BEGIN

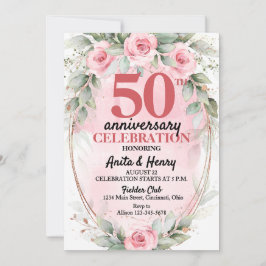 Invitación Rosas suaves rosa y verde salvia por el 50 anivers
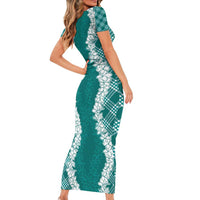 Hawaii Aloha Plumeria Lei Teal Palaka Short Sleeve Bodycon Dress - Polynesian Pride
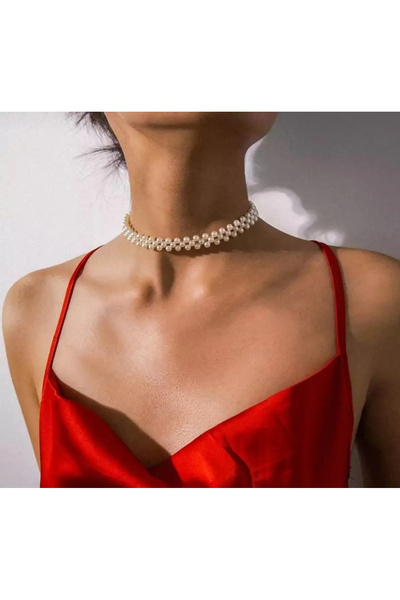 Stoneday Gold Detail Plated Design Choker Necklace with Glass Pearls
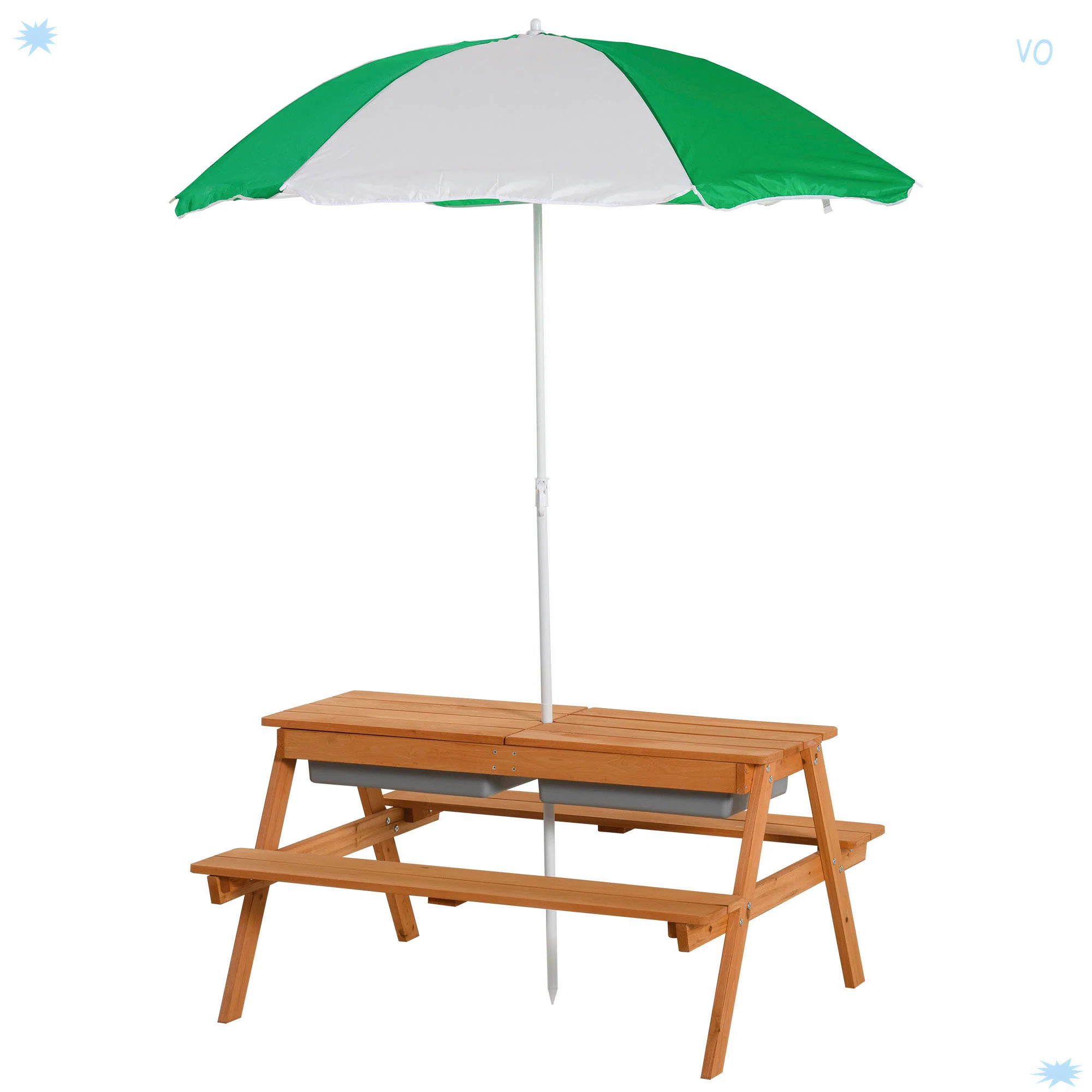 Kids Picnic Table With Umbrella And Storage Inside | Wayfair North America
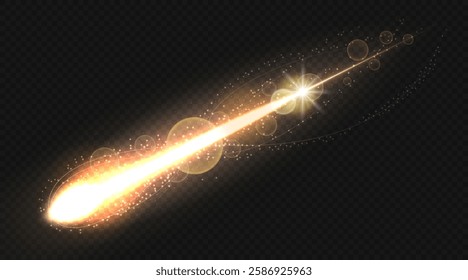 A stunning meteor shower creates a glowing trail of light in the night sky above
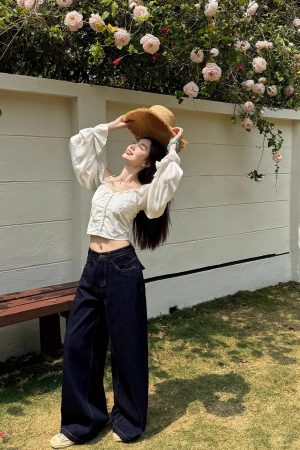 High-Waisted Wide-Leg Jeans for Women - Light Fabric, Deep Blue, Retro American Style, Casual Spring Fashion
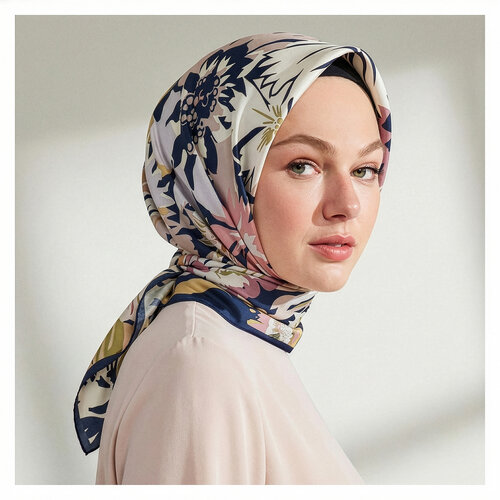 Navy Blue Nihavent Print Silk Twill Scarf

END

** YOUR GOAL **
Only the lines from the one with "Stoneday Gold Detail" through the final line of the data should be written out, exactly and including both ends. Skip the pictures.

** ANSWER AREA **
 Stoneday Gold Detail Plated Design Choker Necklace with Glass Pearls
 Kids Picnic Table With Umbrella And Storage Inside | Wayfair North America
 A stunning meteor shower creates a glowing trail of light in the night sky above
 High-Waisted Wide-Leg Jeans for Women - Light Fabric, Deep Blue, Retro American Style, Casual Spring Fashion
 Navy Blue Nihavent Print Silk Twill Scarf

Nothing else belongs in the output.